> [Required work]
Using the material below, return exactly the lines between the one holding "講座08期徐微娜petct與spect診斷骨轉移瘤的對比分析" and the one holding "MIPEP Antibody - Formalin-fixed", inclusive, and no others.

> [Source material]
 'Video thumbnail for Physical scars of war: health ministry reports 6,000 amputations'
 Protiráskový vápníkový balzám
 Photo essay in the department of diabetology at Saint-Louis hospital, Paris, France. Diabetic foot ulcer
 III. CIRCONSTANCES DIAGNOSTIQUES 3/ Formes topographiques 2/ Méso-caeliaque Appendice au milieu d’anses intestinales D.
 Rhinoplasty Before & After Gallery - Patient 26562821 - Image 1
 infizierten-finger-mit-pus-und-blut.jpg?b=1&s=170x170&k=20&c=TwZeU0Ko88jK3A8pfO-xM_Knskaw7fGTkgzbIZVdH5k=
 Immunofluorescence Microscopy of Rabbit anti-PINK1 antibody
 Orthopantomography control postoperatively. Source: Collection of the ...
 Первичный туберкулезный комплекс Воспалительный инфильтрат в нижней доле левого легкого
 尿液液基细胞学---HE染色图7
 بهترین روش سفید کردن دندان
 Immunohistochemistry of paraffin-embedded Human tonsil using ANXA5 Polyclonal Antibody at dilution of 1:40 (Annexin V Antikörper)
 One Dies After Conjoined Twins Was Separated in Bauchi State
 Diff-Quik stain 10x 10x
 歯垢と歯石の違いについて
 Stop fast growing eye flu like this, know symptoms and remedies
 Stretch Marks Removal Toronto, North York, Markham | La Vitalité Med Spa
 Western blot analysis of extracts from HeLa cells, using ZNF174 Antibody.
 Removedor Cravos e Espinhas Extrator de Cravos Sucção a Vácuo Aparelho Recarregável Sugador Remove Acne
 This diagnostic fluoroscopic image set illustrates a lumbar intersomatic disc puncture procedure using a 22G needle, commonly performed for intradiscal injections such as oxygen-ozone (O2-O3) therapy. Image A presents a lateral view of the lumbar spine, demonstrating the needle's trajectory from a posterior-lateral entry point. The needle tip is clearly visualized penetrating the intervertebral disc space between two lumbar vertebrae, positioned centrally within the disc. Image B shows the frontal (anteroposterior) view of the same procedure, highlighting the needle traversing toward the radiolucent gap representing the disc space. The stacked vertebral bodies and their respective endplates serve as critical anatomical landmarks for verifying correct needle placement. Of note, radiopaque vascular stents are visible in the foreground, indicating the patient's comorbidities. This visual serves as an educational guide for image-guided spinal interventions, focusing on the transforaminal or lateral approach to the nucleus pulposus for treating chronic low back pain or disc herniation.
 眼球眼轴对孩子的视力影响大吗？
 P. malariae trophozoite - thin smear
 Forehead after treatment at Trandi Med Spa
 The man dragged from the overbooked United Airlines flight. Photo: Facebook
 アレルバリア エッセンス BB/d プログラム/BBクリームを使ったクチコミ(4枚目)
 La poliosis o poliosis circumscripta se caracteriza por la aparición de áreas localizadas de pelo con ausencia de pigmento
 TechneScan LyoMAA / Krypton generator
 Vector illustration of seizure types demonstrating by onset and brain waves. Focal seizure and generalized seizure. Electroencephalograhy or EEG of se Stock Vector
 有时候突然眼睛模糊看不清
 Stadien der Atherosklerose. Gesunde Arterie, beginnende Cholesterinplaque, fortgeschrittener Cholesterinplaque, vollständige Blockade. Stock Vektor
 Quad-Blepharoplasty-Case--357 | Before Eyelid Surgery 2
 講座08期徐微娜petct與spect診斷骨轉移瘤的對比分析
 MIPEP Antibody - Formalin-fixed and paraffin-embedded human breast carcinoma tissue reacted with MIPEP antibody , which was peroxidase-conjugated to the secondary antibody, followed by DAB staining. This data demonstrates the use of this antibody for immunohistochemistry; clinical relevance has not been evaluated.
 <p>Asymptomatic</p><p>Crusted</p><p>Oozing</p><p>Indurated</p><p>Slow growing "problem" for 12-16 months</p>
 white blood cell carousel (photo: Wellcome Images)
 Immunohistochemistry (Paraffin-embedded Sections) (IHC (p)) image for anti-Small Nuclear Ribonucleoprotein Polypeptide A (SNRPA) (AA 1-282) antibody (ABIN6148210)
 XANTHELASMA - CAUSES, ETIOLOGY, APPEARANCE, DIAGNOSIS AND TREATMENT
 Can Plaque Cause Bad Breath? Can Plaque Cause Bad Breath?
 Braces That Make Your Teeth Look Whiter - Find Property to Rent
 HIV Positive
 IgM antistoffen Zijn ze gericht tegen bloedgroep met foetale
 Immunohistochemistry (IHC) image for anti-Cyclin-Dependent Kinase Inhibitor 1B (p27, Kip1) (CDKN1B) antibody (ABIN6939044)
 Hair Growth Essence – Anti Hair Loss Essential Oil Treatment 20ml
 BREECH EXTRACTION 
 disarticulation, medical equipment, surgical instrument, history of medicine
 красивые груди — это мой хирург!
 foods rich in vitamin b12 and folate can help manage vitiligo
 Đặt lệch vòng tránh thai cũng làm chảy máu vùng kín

> [Reply]
 講座08期徐微娜petct與spect診斷骨轉移瘤的對比分析
 MIPEP Antibody - Formalin-fixed and paraffin-embedded human breast carcinoma tissue reacted with MIPEP antibody , which was peroxidase-conjugated to the secondary antibody, followed by DAB staining. This data demonstrates the use of this antibody for immunohistochemistry; clinical relevance has not been evaluated.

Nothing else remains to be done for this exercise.